Hadoop代写:CSC555 Mining Big Data 2

在之前搭建的AWS平台上,使用Hadoop, Hive, Pig, Mahout等工具,进行大数据处理。

Requirement

You will various queries using Hive, Pig and Hadoop streaming. The schema is available below, but do remember that schema should specify the delimiter.

The data is available at (note that the data is |-separated, not comma separated):

Please note what instance and what cluster you are using (you can reuse your existing cluster for most of the questions).

Please be sure to submit all code (pig and python and Hive). You should also submit the command lines you use and a screenshot of a completed run (just the last page, do not worry about capturing the whole output). You can use time command to record time of execution of anything you run.

I highly recommend creating a small sample input (e.g., by running head lineorder.tbl > lineorder.tbl.sample and testing your code with it, you can use head -n 100 to get first 100 lines only).

Part 1: Data Transformation

Using Scale4 data perform the following data processing.
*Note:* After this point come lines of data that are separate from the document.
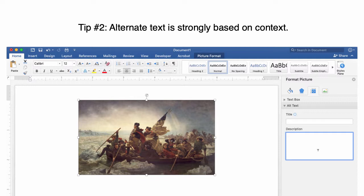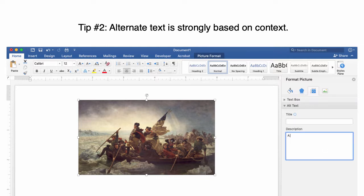Here's our final example where context is necessary. If the document is talking about George Washington in general, then a sufficient description would be "painting of George Washington crossing the Delaware River." However, if the context revolves around art — for example, a document talking about specific art techniques — then a better description would be "a classic painting demonstrating the use of light and color to create composition."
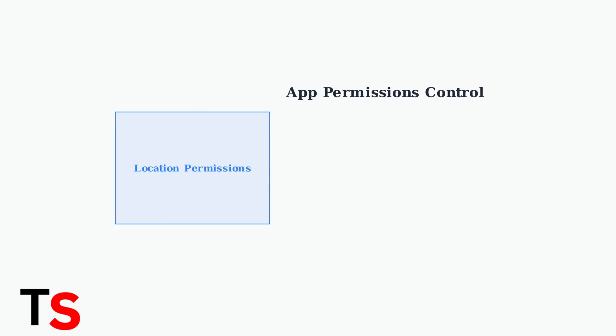In the permission manager, you can review and adjust permissions for specific apps. Look for location, sensors, and physical activity permissions that Samsung Health may be using.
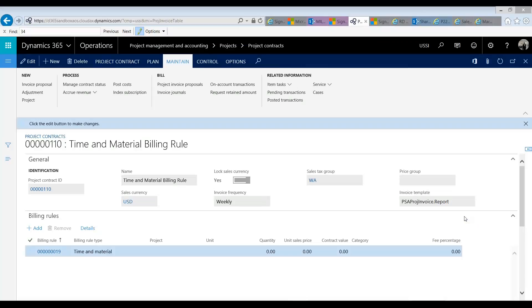Hello everyone, my name is Arush Kutiala. I'm a functional consultant with Western Computer and welcome to the fifth and the last of our recordings on project billing rules within the project management module in Dynamics 365 operations.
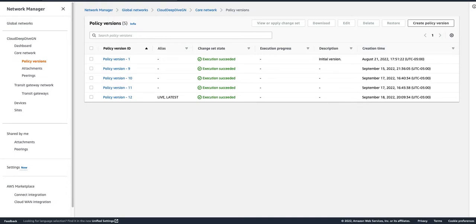Hello everyone, welcome back to another video of Cloud Deep Dive. In our previous video we talked about Cloud WAN — we discussed and showed in a demo how you can create a Cloud WAN, what the different fields are, and we talked about network policy: how you can create and update a network policy and what the different fields are. We also talked about attachments, what those are, how you can create them, and how you can automate attaching them to a segment using attachment policy. If you haven't watched that video, I highly recommend you go watch that first. I'll put the link in the description.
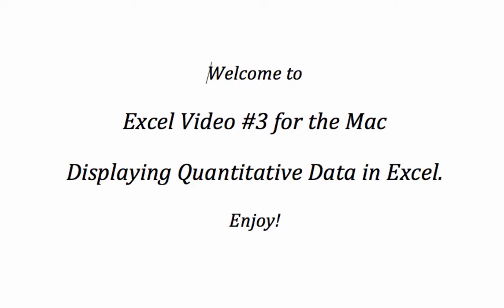Welcome to Excel video number three for the Macintosh computer. Today we're going to be discussing displaying quantitative data in Excel. Quantitative data represents counts or measurements.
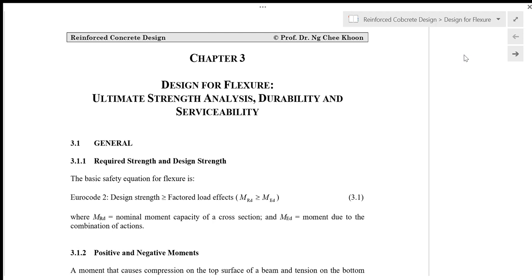Hello everyone, this is Professor Ng Chi Koon from Unimast. In this video I'm going to give you a lecture on Chapter 3 of Reinforced Concrete Design which is on Design for Flexure, Ultimate Strength Analysis, Durability and Serviceability.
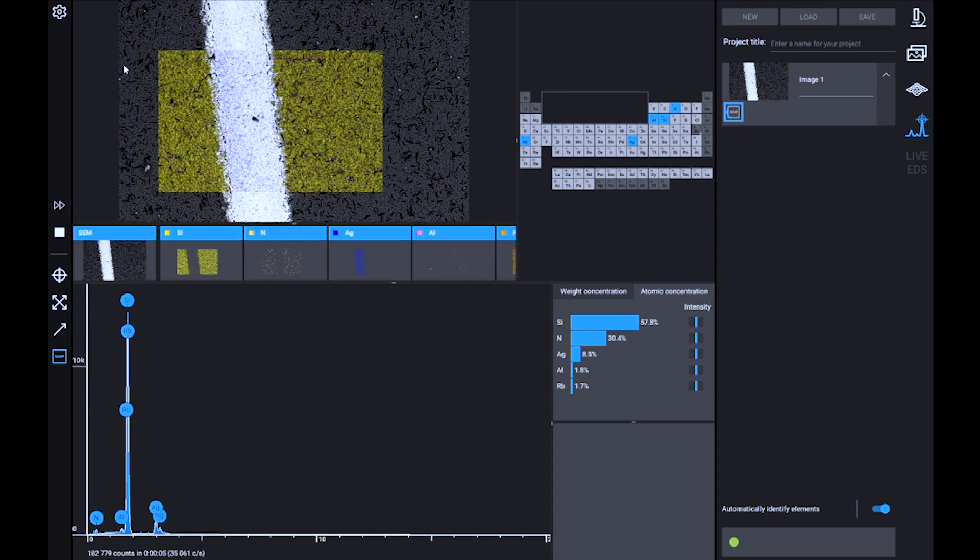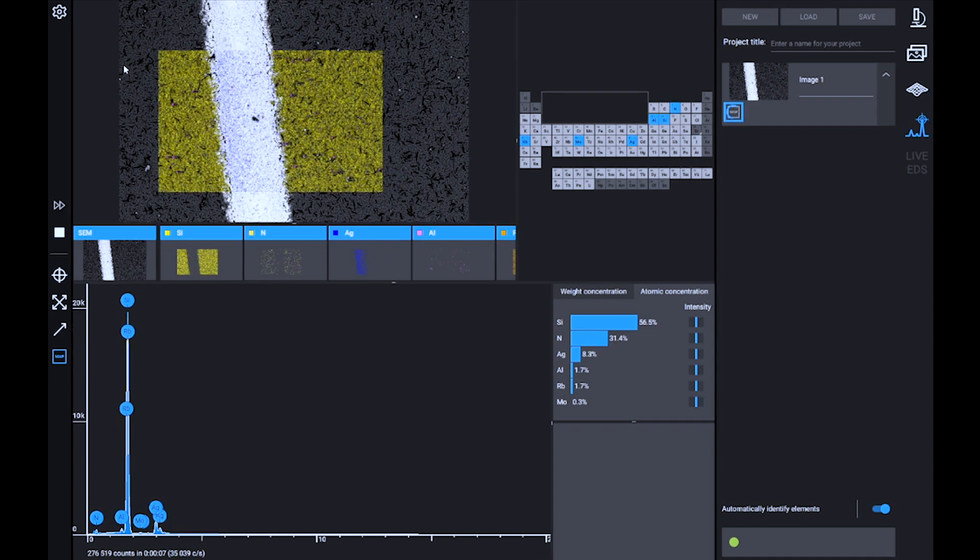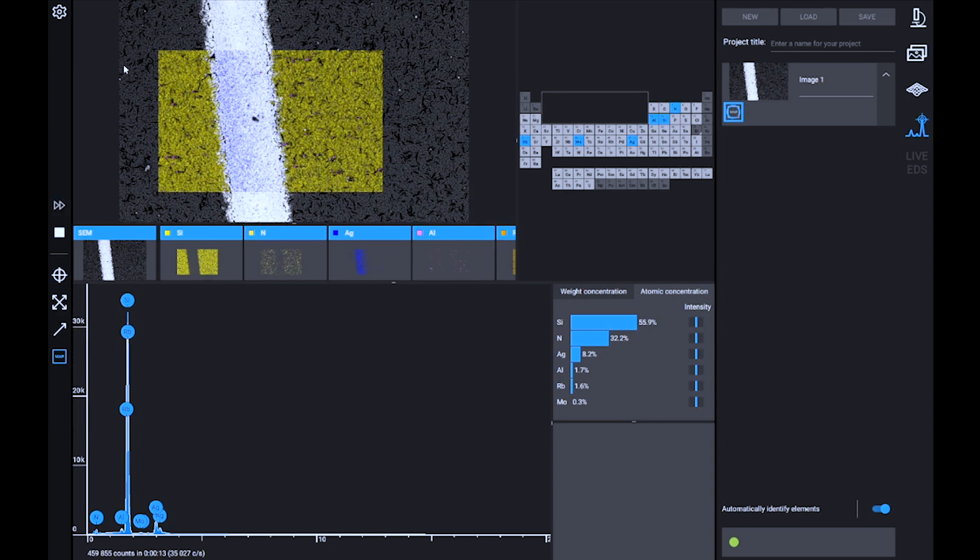In this case, for example, we can see a distribution of silicon in yellow, aluminum particles, and in blue, the silver that's creating a stripe on this solar cell.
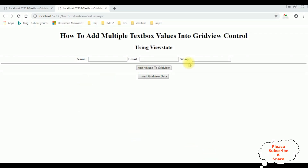And here we got the output. Let's add some values to the GridView control. The first employee name is Charan, charan@gmail.com, and the salary is 15,000. Add values to GridView.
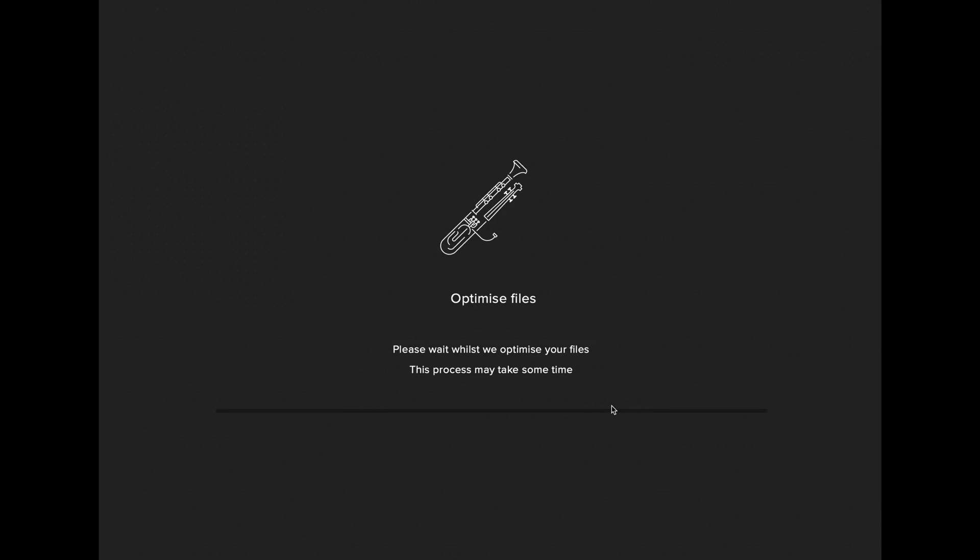You can stop the optimization process at any time by quitting out the app. If you go back into the optimization, it will then start again where it left off.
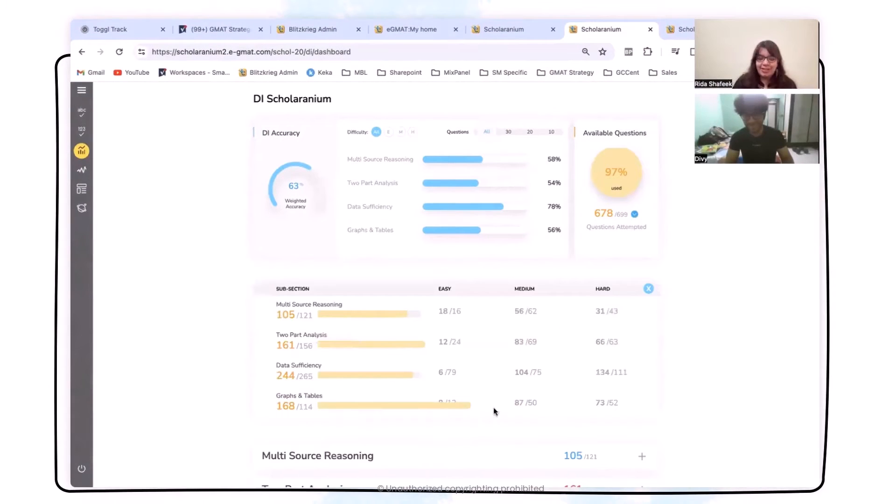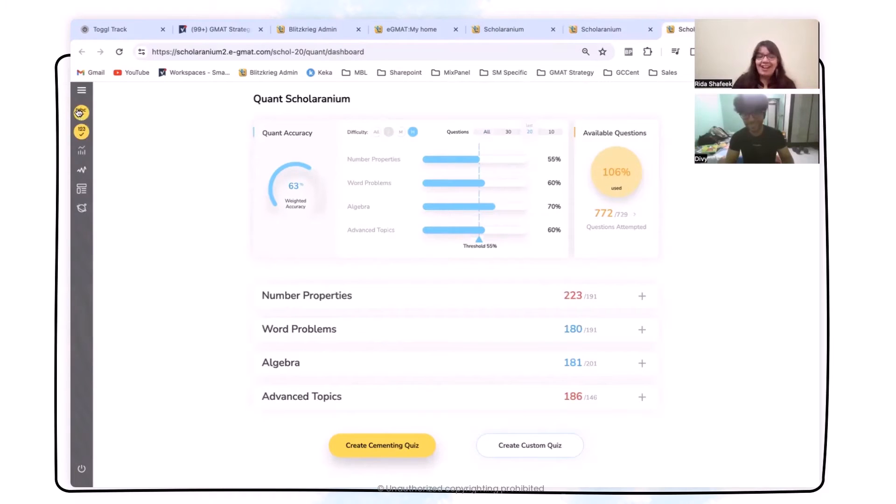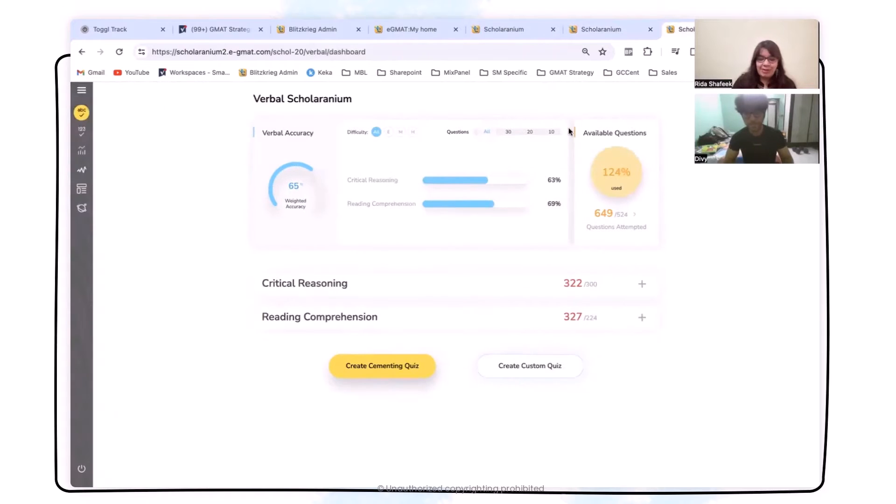I did a lot of DS and DI Scholaranium quizzes. If you look at my account, it's more than 100% utilized. Looking at Divi's account, on the DI Scholaranium the only remaining questions are really easy questions across different subsections. On quant, he's gone beyond 100% to 106% use. On the verbal side, he's reached 124% usage. He didn't just practice these questions — he really looked at those solutions, understood what each question could teach him, and how to modify his approach.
  • A. Transform lineorder.tbl table into a csv (comma-separated file): Use Hive, MapReduce with HadoopStreaming and Pig (i.e. 3 different solutions)
  • B. Extract five of the numeric columns that for rows where lo_discount is between 4 and 6 into a space-separated text file (for K-Means clustering later). Use Hive and Pig (2 different solutions) (NOTE: you do not need to use your code to identify what is a numeric column, just go by what the data types say. You should manually pick any 5 columns that contain only numbers)
  • C. Create a pre-join (i.e. a new data file) that corresponds to the following query below. You can think of it as a materialized view. What is the size of the new file? Use Hive and Pig (2 different solutions).
1
2
3
SELECT lo_partkey, lo_suppkey, lo_discount, d_year, lo_revenue
FROM lineorder, dwdate
WHERE lo_orderdate = d_datekey;

Part 2: Querying

All queries from SSBM benchmark are available here.

Using Scale4 data perform the following data processing and don’t forget to time your results.

  • A. Run SSBM queries 2.2, 3.2 and 4.2 using Hive only.
  • B. For this part use Hive and Pig (two different solutions) to run Q2.1 using what you have created in 1-C (i.e. use PreJoin1 instead of lineorder and dwdate tables in the from clause). You would need to rewrite the query accordingly. (e.g. something like,
1
2
3
4
5
6
7
8
select sum(lo_revenue), d_year, p_brand1
from MyNewStructureFrom1C, part, supplier
where lo_partkey = p_partkey
and lo_suppkey = s_suppkey
and p_category = 'MFGR#12'
and s_region = 'AMERICA'
group by d_year, p_brand1
order by d_year, p_brand1;)

Part 3: Clustering

Using the file you have created in 1-B, run KMeans clustering using 7 clusters.

  • A. Using Mahout synthetic clustering as you have in a previous assignment on sample data.
  • B. Using Hadoop streaming perform one iteration manually with randomly chosen input centers. (This would require passing a text file with cluster centers using -file option, opening the centers.txt in the mapper with open(‘centers.txt’, ‘r’) and assigning a key to each point based on which center is the closest to each particular point). Your reducer would need to compute the new centers, and at that point the iteration is done.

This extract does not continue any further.